In other related developments, the EU Commission will, on Monday (8 May) discuss plans with MEPs on how to help Europe's military-industrial complex produce more ammunition to fight the kind of high-intensity artillery wars unleashed by Russia in south-east Ukraine.
MEPs will also vote on Tuesday to approve an extra €145m in financial assistance to Moldova amid a refugee and energy crisis provoked by Russia's war in Ukraine.
AI Act
But if some fear impending Armageddon due to the risk of WW3, others have voiced apocalyptic warnings due to the risks coming from AI.
For their part, MEPs in the civil liberties committee will hone the EU Parliament's vision of how to regulate the sector in a vote on the EU's AI Act on Thursday (11 May).
"If we don't get that control right, then you might have this dystopian view that is being expressed by many," Romanian MEP Dragoș Tudorache has said.
Turning to kitchen-sink issues, MEPs will vote on Wednesday (10 May) on whether to approve how the EU spent its budget last year.
The annual discharge is more political than ever amid frozen EU money for countries, such as Hungary and Poland, which have trampled on rule of law at home.
MEPs will discuss, on Tuesday, how to reform the bloc's fiscal rules, designed to stop the kind of profligacy that led to the emergency bailouts of several national treasuries 10 years ago.
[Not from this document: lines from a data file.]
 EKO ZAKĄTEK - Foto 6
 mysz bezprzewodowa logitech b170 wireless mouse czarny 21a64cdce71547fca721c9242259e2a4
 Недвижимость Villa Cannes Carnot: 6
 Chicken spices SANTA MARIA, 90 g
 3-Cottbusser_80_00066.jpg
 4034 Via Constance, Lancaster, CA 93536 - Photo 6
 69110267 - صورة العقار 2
And turning back to Putin, who decriminalised wife-beating as part of his parallel culture war against EU values, MEPs will also show a different face of Europe on Wednesday when they vote for the EU to ratify the Istanbul Convention on combating violence against women and girls — even though Bulgaria, the Czechs, Hungary, Latvia, Lithuania, and Slovakia have still failed to do so themselves.